Data Autonomy in Microservices

10 April 2021

Will microservices sharing a database prevent them from being autonomous? If you are not sure, then the answer is most likely yes.

data-autonomy

The autonomy of a microservice can be significantly limited by the autonomy the service has over its data. I frequently see autonomy measured as the ability to deploy independently. In the Docker world, this usually means a separate docker container. The problem with just looking at docker containers at deploy time is that it misses a really hard part of microservices, managing data at runtime.

For example, a microservice exposing a JSON HTTP endpoint, using a swagger API version is probably safe to deploy independently. A microservice exposing an endpoint that allows arbitrary class/method/argument invocations by the caller is much less likely to be deployed safely.

Two questions to consider for understanding data autonomy:

  • What is the API surface to your service?
  • How are those API contracts managed?

What is the API surface to your service?

If the data within our service is to be autonomous, we need to identify each way clients can read and write data. There terms Fiefdoms and Emissaries comes to mind, where Fiefdoms are the castles with our guarded data and Emissaries travel the approved APIs to modify that data. The narrower the API surface the easier it will be to manage autonomy.

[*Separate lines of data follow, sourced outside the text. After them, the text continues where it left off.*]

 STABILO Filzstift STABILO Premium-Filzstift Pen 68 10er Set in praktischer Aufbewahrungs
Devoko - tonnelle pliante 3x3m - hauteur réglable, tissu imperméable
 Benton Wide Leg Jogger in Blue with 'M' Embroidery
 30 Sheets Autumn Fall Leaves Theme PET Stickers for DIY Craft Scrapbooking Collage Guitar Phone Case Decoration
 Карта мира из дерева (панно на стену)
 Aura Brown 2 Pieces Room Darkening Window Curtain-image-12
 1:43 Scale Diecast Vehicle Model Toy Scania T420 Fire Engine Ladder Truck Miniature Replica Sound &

HTTP endpoints are good candidates to be included in the API surface area, but internal classes or private methods are likely not.

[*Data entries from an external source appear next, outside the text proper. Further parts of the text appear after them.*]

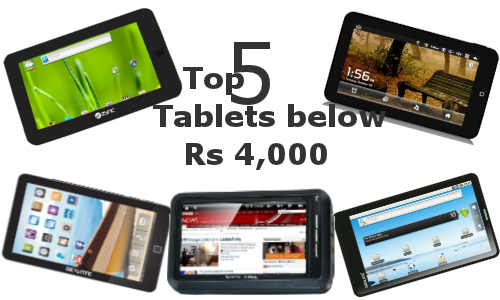 Top 5 Tablets below Rs 4,000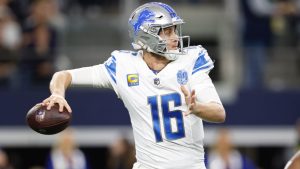 Detroit Lions quarterback Jared Goff (16) looks to pass during an NFL football game against the Dallas Cowboys, Saturday, Dec. 30, 2023, in Arlington, Texas. (Matt Patterson/AP)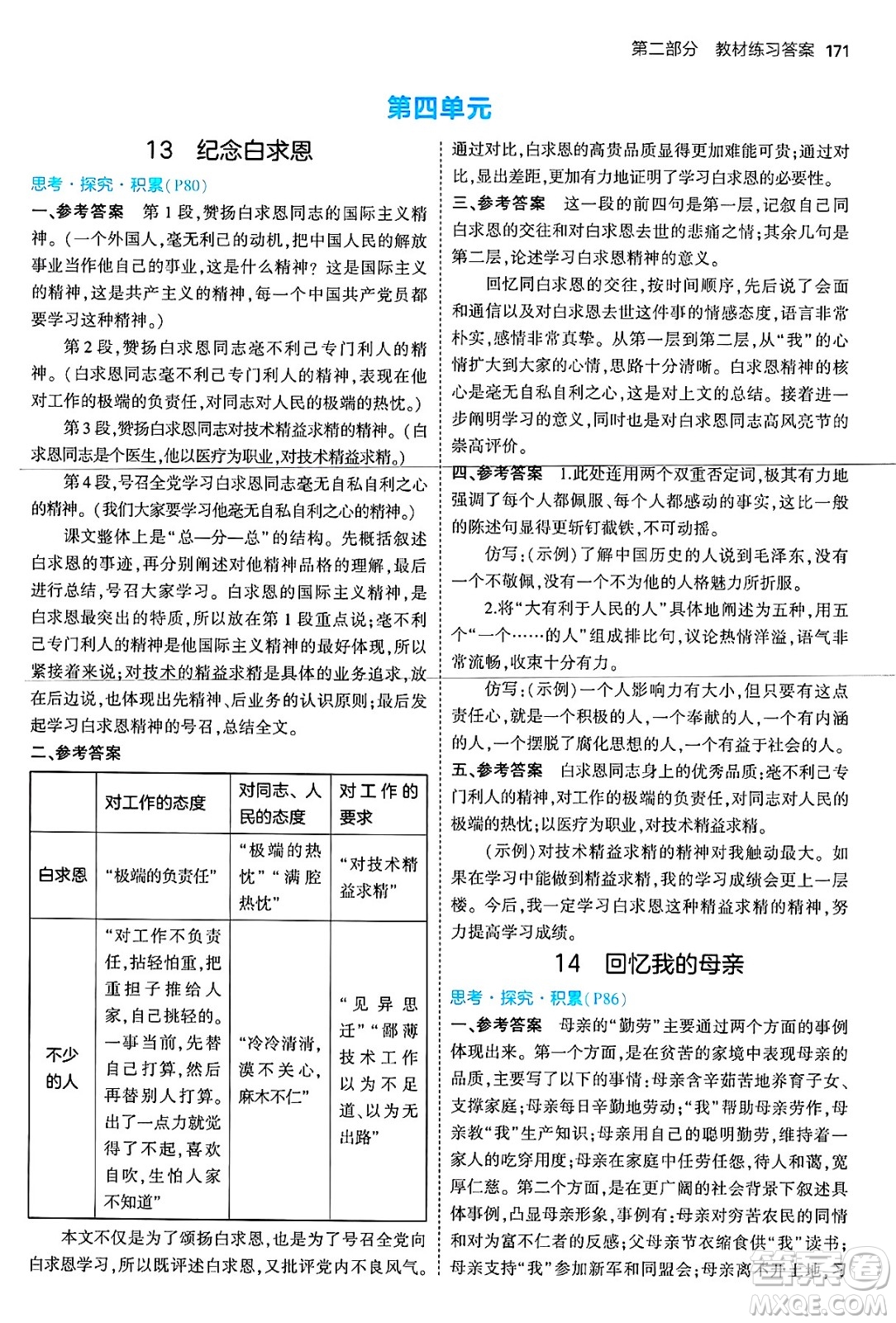 首都師范大學(xué)出版社2024年秋初中同步5年中考3年模擬七年級(jí)語(yǔ)文上冊(cè)人教版山西專版答案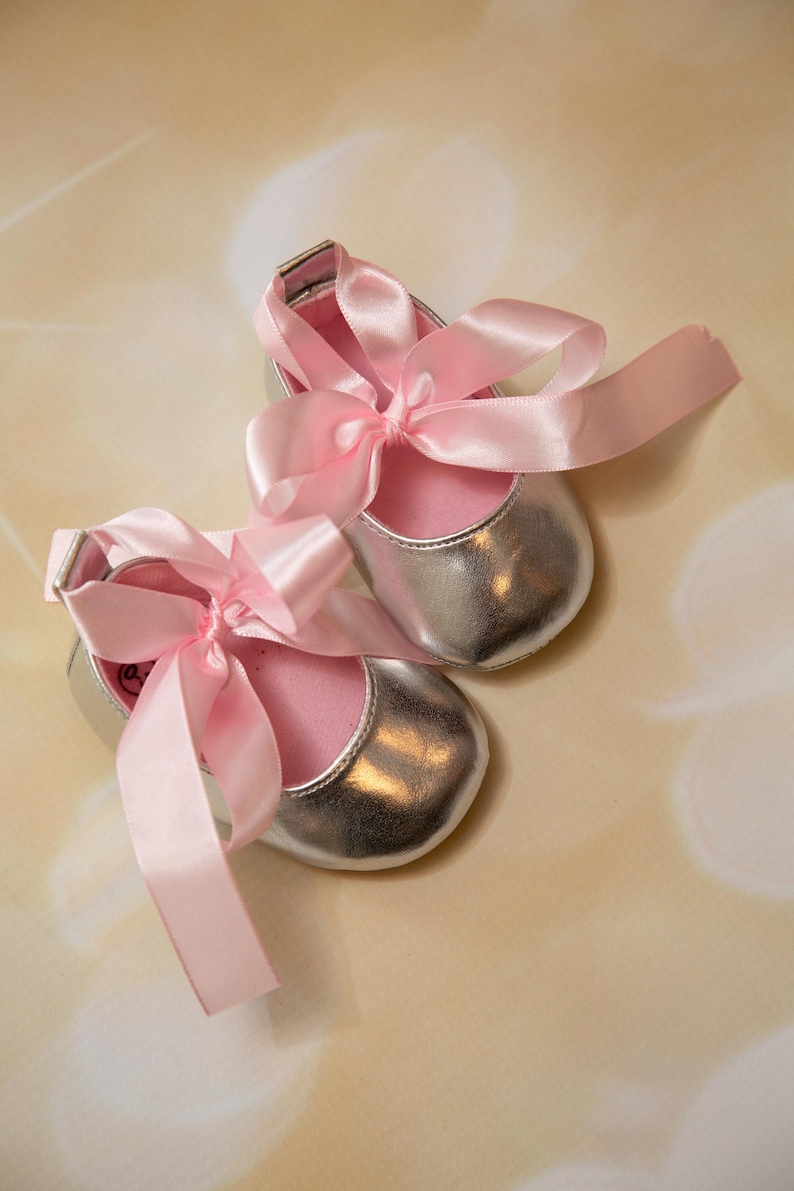 Baby Girl Silver Shoes Silver With Pink Ribbon Tie Shoes Etsy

How are those API contracts managed?

If a deploy breaks a contract, then deploys need to be coordinated with other services. Versioned schema management allows us to deploy independently, as long as the contract is still valid we are free to deploy and change our service internals.

Combining an API surface with a way to manage contracts enables our service to ‘own’ its data. This ownership is autonomy to deploy independently, communicating to clients though explicitly updating schema contracts.

Examples (easy)

Does our service expose HTTP endpoints?

  • Writes are validated in application code on each endpoint
  • Reads depend on a versioned schema

Does our service publish messages?

  • Publishing from our application use a versioned event schema
  • Consumers within our application use a versioned event schema

In both of these cases, we can imagine a JSON schema definition. A definition that can be used to generate a client.

Examples (hard)

Does our service expose its database? Yes

  • Writes to the database require the same validation that application logic in the endpoints
  • Reads require a versioned schema

Databases are a huge surface area and SQL is much more expressive than JSON. This will likely cost that service its data autonomy, preventing it from being deployed independently. The impact of exposing internal tables is similar to exposing internal classes and private methods. All internals of the service become the business of other services.

Database sharing sometimes comes up with multiple services sharing the same database or a data pipeline connecting directly.